Hope Hospital

Salford Royal (formerly Hope Hospital) is a large hospital in Salford, Greater Manchester, England, managed by the Salford Royal NHS Foundation Trust. It is a teaching hospital, with links with the University of Manchester's School of Medicine and the University of Salford's School of Nursing.

Leading research departments include one of the largest dermatology centres in the United Kingdom, gastroenterology, vascular diabetes, trauma and clinical neurosciences which houses the University of Manchester's 3T MRI scanner.

In the Healthcare Commission's 2006/2007 review of the 394 NHS Trusts in England, Salford Royal was one of 19 to be rated excellent in its quality of services and its use of resources.

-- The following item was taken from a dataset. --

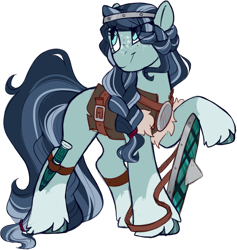 Size: 1090x1149 | Tagged: safe, artist:crimmharmony, oc, oc only, oc:eilean donon, earth pony, pony, clothes, dagger, eye clipping through hair, female, freckles, mare, shield, simple background, solo, transparent background, weapon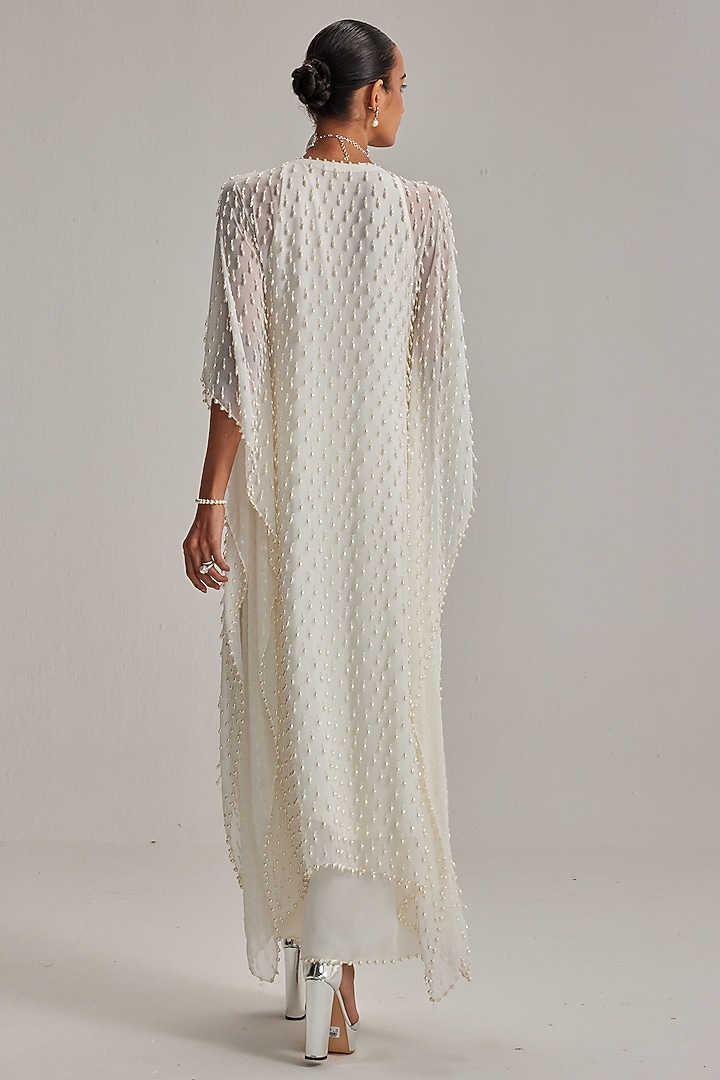 Off-White Georgette Mirror & Pearl Embroidered Kaftan Set by Vvani By Vani Vats at Pernia's Pop Up Shop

The hospital opened in 1882 as the Salford Union Infirmary, a hospital for sick paupers, in association with the union workhouse. During the Manchester Blitz of WW2 the hospital was struck by German bombs in June 1941 and 14 nurses died. It was later renamed as Hope Hospital, taking the name of the medieval Hope Hall, demolished in 1956. The formation of the NHS Trust in 1994 saw the closure of Salford Royal Hospital on Chapel Street. The trust was originally named Salford Royal Hospitals NHS Trust, but changed its name to Salford Royal NHS Foundation Trust in 2006.

During 2007 a substantial redevelopment commenced under a Private Finance Initiative (PFI), which included re-branding the hospital as "Salford Royal" and the construction of the Hope Building, which is scheduled to open in September 2011.


Salford Royal was comprehensively redeveloped as part of the Salford Health Investment for Tomorrow (SHIFT) programme, comprising a £130 million PFI contract to construct a number of new hospital units and a separate £30 million modernisation contract, both signed with Consort Healthcare. Among the new units will be a cancer centre in partnership with Christie Hospital NHS Trust.